Verkehrsrechtler und Rechtsmediziner fordern schon seit längerem im Zusammenhang mit dem Cannabis-Konsum eine Anhebung des derzeit maßgeblichen Grenzwertes von 1,0 Nanogramm (ng) Tetrahydrocannabinol (THC) pro ml Blutserum als Nachweis für eine Beeinträchtigung der Fahrtüchtigkeit. THC gilt als die psychoaktive Substanz des Hanfs und macht den Hauptteil der berauschenden Wirkung aus.
“Der aktuell angewandte Grenzwert von 1,0 ng THC pro ml Blutserum liegt so niedrig, dass er den Nachweis des Cannabiskonsums ermöglicht, aber nicht zwingend einen Rückschluss auf eine verkehrssicherheitsrelevante Wirkung zulässt”, hatten im August 2022 die Experten des 60. Deutschen Verkehrsgerichtstages festgestellt. In der Praxis führt der aktuelle Schwellenwert tatsächlich immer wieder dazu, dass Autofahrende, deren Cannabis-Konsum schon länger zurückliegt und die sich nicht im berauschten Zustand ans Steuer begeben, mit empfindlichen Sanktionen rechnen müssen. So ist nach § 24a Straßenverkehrsgesetz (StVG) mit mindestens 500 Euro Bußgeld, Fahrverbot, Punkten in Flensburg und – wenn es ganz übel kommt – auch mit dem Entzug der Fahrerlaubnis zu rechnen.

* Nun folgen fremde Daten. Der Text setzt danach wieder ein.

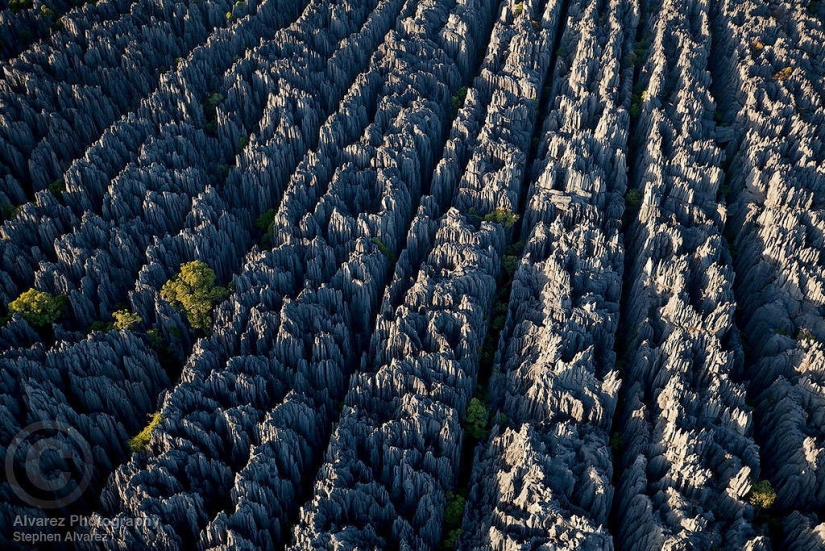 Bosque de piedra en Madagascar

Verkehrsgerichtstag und Anwaltverein fordern Anhebung
Vor diesem Hintergrund hatte der Verkehrsgerichtstag nach intensiven Beratungen den Gesetzgeber aufgefordert, den derzeit angewandten Grenzwert “angemessen” heraufzusetzen. Auch der Deutsche Anwaltverein (DAV) appellierte an die Ampel, im Zuge ihres Projekts Cannabis-Legalisierung eine Regelung analog zu Alkoholfahrten zu schaffen und nur tatsächlich berauschte Fahrer zu sanktionieren. “Wissenschaftliche Studien belegen, dass erst ab einem THC-Wert von 2 – 4 ng/ml überhaupt von einer Beeinträchtigung gesprochen werden kann und zudem eine der Promillegrenze von 0,5 Promille vergleichbare Größenordnung von 4 – 16 ng/ml vorliegen müsste”, so Rechtsanwalt Andreas Krämer von der DAV-Arbeitsgemeinschaft Verkehrsrecht.

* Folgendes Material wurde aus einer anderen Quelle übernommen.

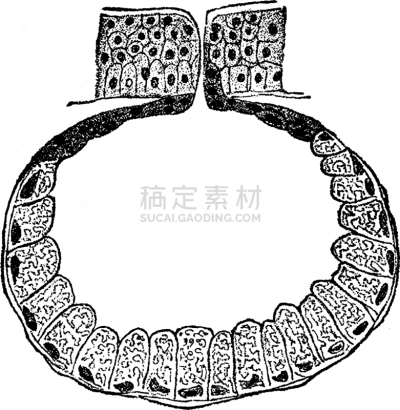腺上皮,动物细胞,白色,矢量,人类腺体,图像,雕刻图像,黑色,复古,分泌
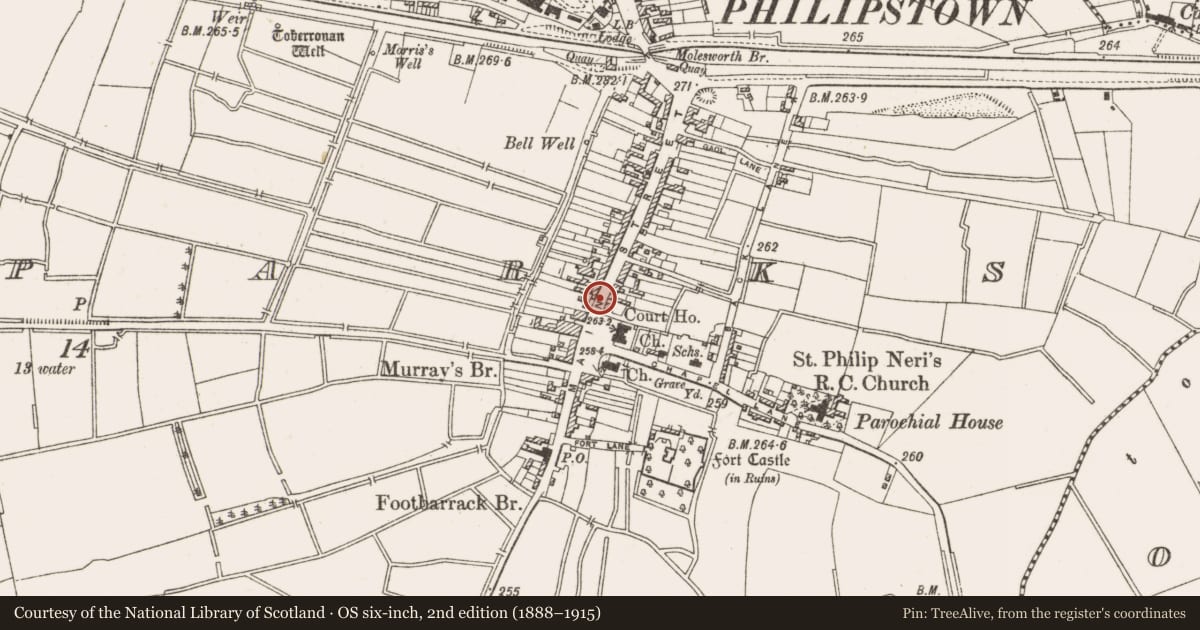 Ordnance Survey six-inch map, 2nd edition (1888–1915) covering the location of Historic town, Townparks, County Offaly, with a pin at the register's coordinates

Krämer verwies dabei auf die im Gegensatz zum flüchtigen Stoff Alkohol langsame Abbaugeschwindigkeit von THC nach dem Cannabis-Konsum: “Wer aufgrund der besonders langsamen Abbaugeschwindigkeit von THC noch Tage nach einem Konsum ohne jegliche Beeinträchtigung auf die Fahrtüchtigkeit einen Wert von 1 ng/ml aufweist, verliert unter Umständen seine Fahrerlaubnis, während die getrunkene Dose Bier vor der Fahrt sanktionslos bleibt”, so der Anwalt.
Die Cannabis-Community dürfte nun auch deshalb besonders enttäuscht sein, weil die Bundesregierung in ihren beiden Eckpunktepapieren zur geplanten Cannabis-Legalisierung vom Oktober 2022 und April 2023 noch eine Heraufsetzung der Grenzwerte in Aussicht gestellt hatte. “Eine Änderung der geltenden Grenzwerte für Cannabis im Straßenverkehr im Rahmen des Gesetzes für den kontrollierten Umgang mit Cannabis soll durch die bestehenden Fachgremien geprüft werden”, erläutert das Bundesgesundheitsministerium (BMG) auch weiterhin auf seiner Homepage.
Rechtsmediziner fordern 3,5 ng/ml
“Überprüfung durch Fachgremien”? Gemeint ist damit in erster Linie die Grenzwertkommission (GWK), die beim Bundesministerium für Digitales und Verkehr (BMDV) angedockt ist. Dabei handelt es sich um eine fachübergreifende Arbeitsgruppe, die mit Mitgliedern der Deutschen Gesellschaft für Rechtsmedizin, der Deutschen Gesellschaft für Verkehrsmedizin, der Gesellschaft für Toxikologische und Forensische Chemie (GTFCh) und der Bundesanstalt für Straßenwesen besetzt ist. Die zehn Frauen und Männer liefern seit Jahren den wissenschaftlichen Input z. B. bei Fragen der Änderung der Anlage zu § 24a StVG. 2002 hatte die GWK den Grenzwert auf 1,0 ng/ml festgelegt. Das Bundesverfassungsgericht hatte diesen 2004 bestätigt.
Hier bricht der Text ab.